March 15, 2011 was the 3ooth anniversary of the death of Eusebio Francisco Kino – Father Kino, the Italian-born Jesuit missionary under contract to the king of Spain to create missions in New Spain. He was celebrated and memorialized yesterday throughout the Pimeria Alta. I am grateful I had this once-in-a-lifetime opportunity to attend celebrations at two of the mission sites founded by this bigger-than-life, well-loved priest.
With five other volunteers from Tumacacori I traveled to Imuris, Sonora, Mexico to the ruins of the church at Cocospera, where regional dignitaries gathered with visitors and residents to participate in a Catholic Mass honoring Padre Kino. In addition, an Apache holy man offered words of honor for Kino and privately blessed those who presented themselves to him.

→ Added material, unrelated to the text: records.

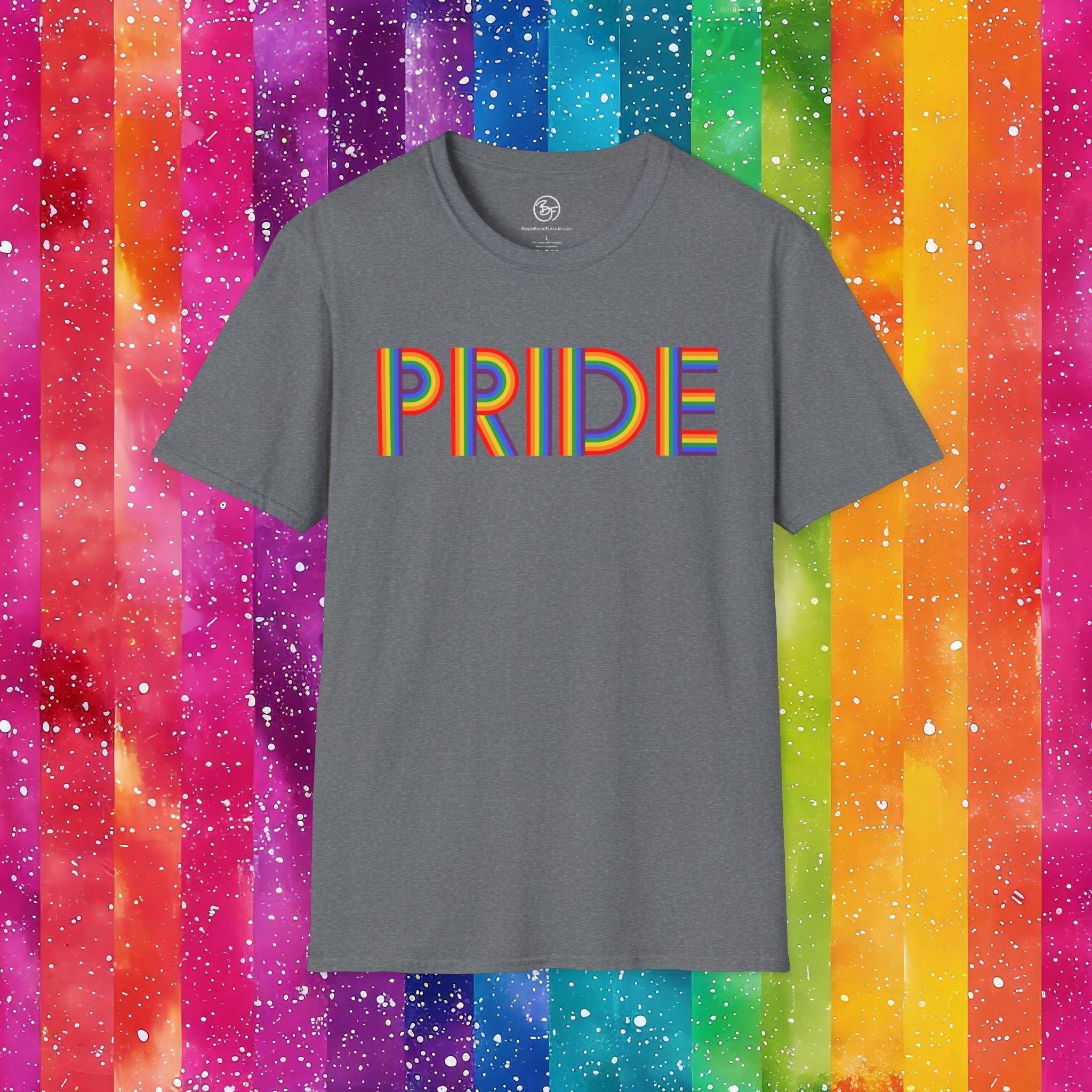 Bespattered Facade Rainbow Pride Ribbon Letters Unisex Softstyle T-Shirt
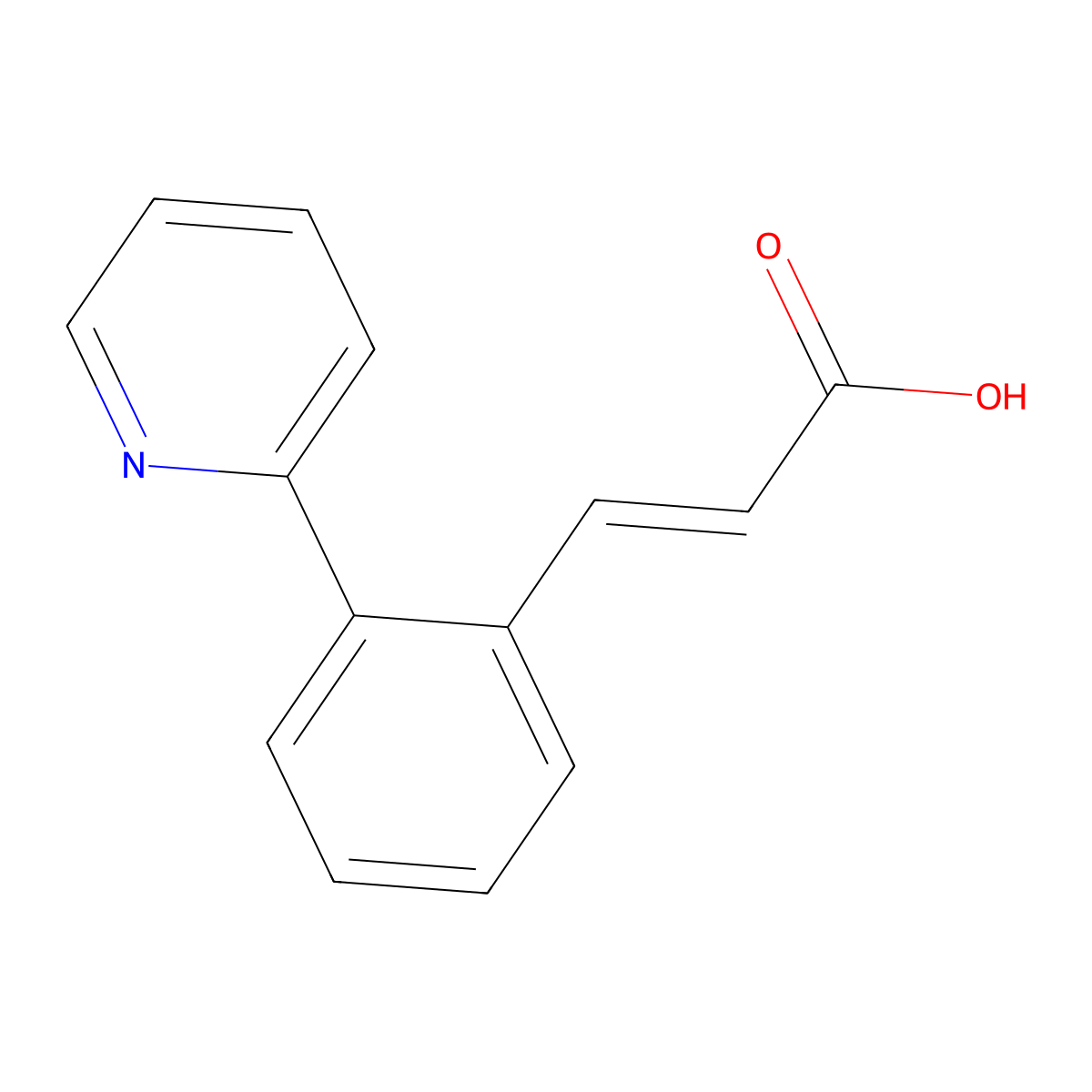 (2E)-3-(2-pyridin-2-ylphenyl)acrylic acid molecular structure, CAS 1169848-02-5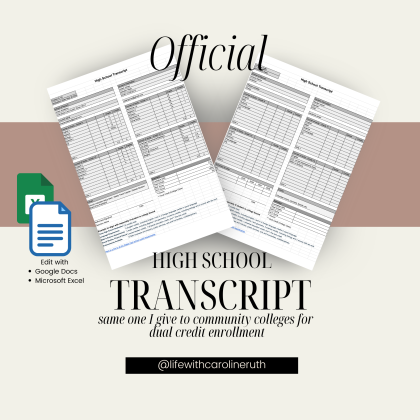 High School Transcript, Homeschool Transcript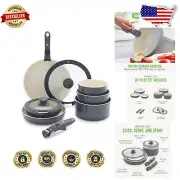 10-Piece Ceramic Nonstick Cookware Set - Stackable & Detachable Handle Design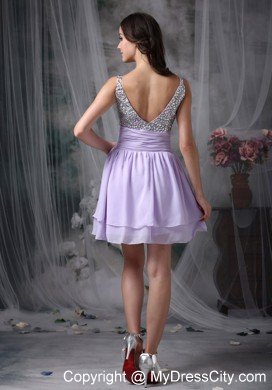 Straps Beading Chiffon Mini-length Short Homecoming Cocktail Dress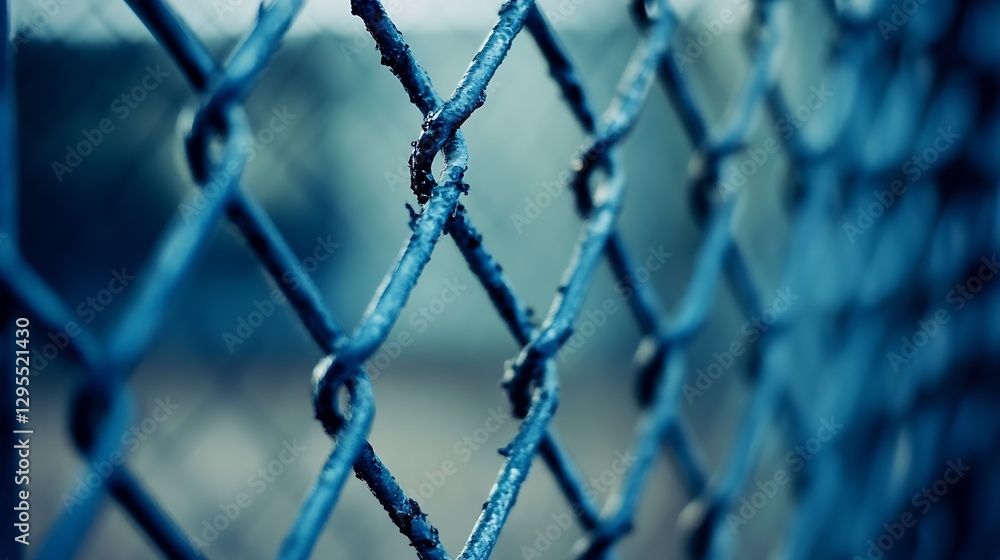 Poster close up of blue chain link fence with shiny metal links and outdoor background : generative ai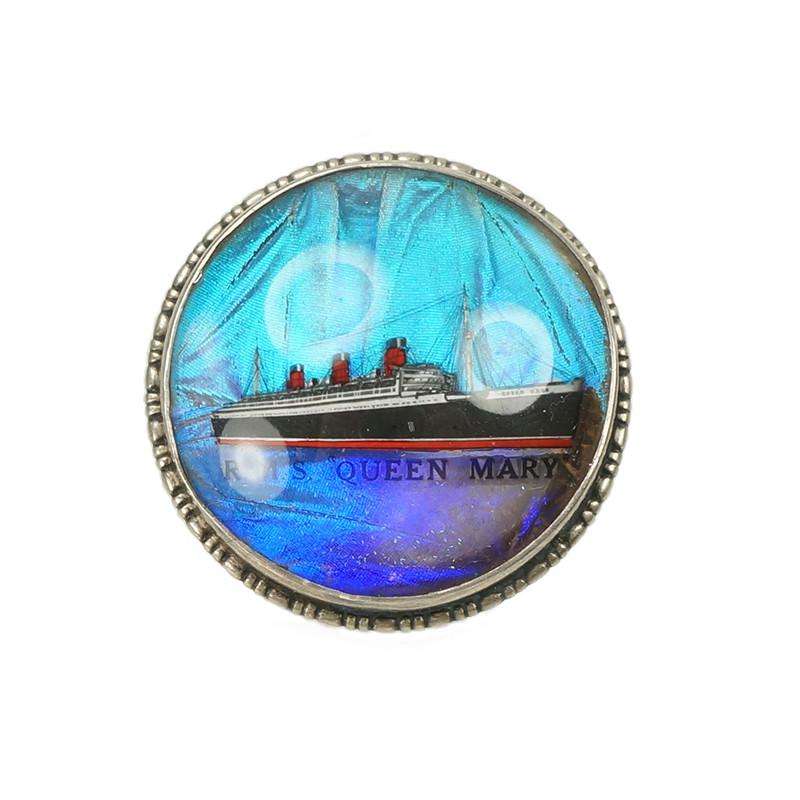 Vintage RMS Queen Mary English Butterfly Wing Brooch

After lunch we then traveled toward Magdalena and the mission church there, where Kino died. On the way we stopped in San Ignacio, and visited that mission church, the original of which was built by 1702.
We arrived in Magdalena mid-afternoon during many presentations by the dignitaries and other special speakers, before the beginning of the Mass, which began as we were leaving for dinner. Father Kino’s remains are placed in a structure that allows viewing of those remains through windows. Overhead is a dome, painted with a mural depicting Father Kino’s travels and connections with the indigenous people.
Father Kino established 20 missions, possibly more, in the Pimeria Alta area of New Spain. He became renowned, honored, and respected during his many years traveling among these missions.
And now, 300 years following his death he is still beloved for his work and humane treatment of the people he came to convert and make into good Spanish citizens.